Short descriptive text snippets:
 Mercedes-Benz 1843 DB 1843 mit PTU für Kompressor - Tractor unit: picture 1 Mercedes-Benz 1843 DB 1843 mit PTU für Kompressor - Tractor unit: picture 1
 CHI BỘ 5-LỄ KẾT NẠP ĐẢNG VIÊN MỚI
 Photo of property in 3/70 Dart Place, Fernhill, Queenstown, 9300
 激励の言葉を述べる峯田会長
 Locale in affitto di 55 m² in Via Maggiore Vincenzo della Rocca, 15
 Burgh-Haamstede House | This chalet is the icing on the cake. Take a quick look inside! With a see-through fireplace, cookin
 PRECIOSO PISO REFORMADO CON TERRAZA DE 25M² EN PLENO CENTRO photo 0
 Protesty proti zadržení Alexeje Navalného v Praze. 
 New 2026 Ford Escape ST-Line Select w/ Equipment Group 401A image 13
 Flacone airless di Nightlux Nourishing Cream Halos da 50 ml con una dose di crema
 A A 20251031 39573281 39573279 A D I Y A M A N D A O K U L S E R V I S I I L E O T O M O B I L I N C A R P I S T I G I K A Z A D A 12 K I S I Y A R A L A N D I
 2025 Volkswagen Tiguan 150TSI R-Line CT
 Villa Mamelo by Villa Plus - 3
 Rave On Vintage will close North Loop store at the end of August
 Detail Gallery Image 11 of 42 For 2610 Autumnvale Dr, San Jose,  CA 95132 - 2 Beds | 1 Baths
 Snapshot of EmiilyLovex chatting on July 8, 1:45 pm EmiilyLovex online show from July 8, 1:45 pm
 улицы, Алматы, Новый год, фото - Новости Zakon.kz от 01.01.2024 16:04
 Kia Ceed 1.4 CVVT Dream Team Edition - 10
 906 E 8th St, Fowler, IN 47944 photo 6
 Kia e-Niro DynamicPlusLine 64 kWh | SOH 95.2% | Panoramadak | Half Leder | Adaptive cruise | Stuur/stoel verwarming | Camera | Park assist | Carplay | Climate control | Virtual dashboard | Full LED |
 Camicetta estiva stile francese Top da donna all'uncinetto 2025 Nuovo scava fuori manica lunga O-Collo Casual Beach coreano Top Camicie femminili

EXERCISE REQUIREMENTS:
Your task is to transcribe the line containing "CHI BỘ 5-LỄ KẾT NẠP ĐẢNG VIÊN MỚI" and every line after it, through the last line of the data, exactly as written and with nothing more.

ANSWER TO THIS PROBLEM:
 CHI BỘ 5-LỄ KẾT NẠP ĐẢNG VIÊN MỚI
 Photo of property in 3/70 Dart Place, Fernhill, Queenstown, 9300
 激励の言葉を述べる峯田会長
 Locale in affitto di 55 m² in Via Maggiore Vincenzo della Rocca, 15
 Burgh-Haamstede House | This chalet is the icing on the cake. Take a quick look inside! With a see-through fireplace, cookin
 PRECIOSO PISO REFORMADO CON TERRAZA DE 25M² EN PLENO CENTRO photo 0
 Protesty proti zadržení Alexeje Navalného v Praze. 
 New 2026 Ford Escape ST-Line Select w/ Equipment Group 401A image 13
 Flacone airless di Nightlux Nourishing Cream Halos da 50 ml con una dose di crema
 A A 20251031 39573281 39573279 A D I Y A M A N D A O K U L S E R V I S I I L E O T O M O B I L I N C A R P I S T I G I K A Z A D A 12 K I S I Y A R A L A N D I
 2025 Volkswagen Tiguan 150TSI R-Line CT
 Villa Mamelo by Villa Plus - 3
 Rave On Vintage will close North Loop store at the end of August
 Detail Gallery Image 11 of 42 For 2610 Autumnvale Dr, San Jose,  CA 95132 - 2 Beds | 1 Baths
 Snapshot of EmiilyLovex chatting on July 8, 1:45 pm EmiilyLovex online show from July 8, 1:45 pm
 улицы, Алматы, Новый год, фото - Новости Zakon.kz от 01.01.2024 16:04
 Kia Ceed 1.4 CVVT Dream Team Edition - 10
 906 E 8th St, Fowler, IN 47944 photo 6
 Kia e-Niro DynamicPlusLine 64 kWh | SOH 95.2% | Panoramadak | Half Leder | Adaptive cruise | Stuur/stoel verwarming | Camera | Park assist | Carplay | Climate control | Virtual dashboard | Full LED |
 Camicetta estiva stile francese Top da donna all'uncinetto 2025 Nuovo scava fuori manica lunga O-Collo Casual Beach coreano Top Camicie femminili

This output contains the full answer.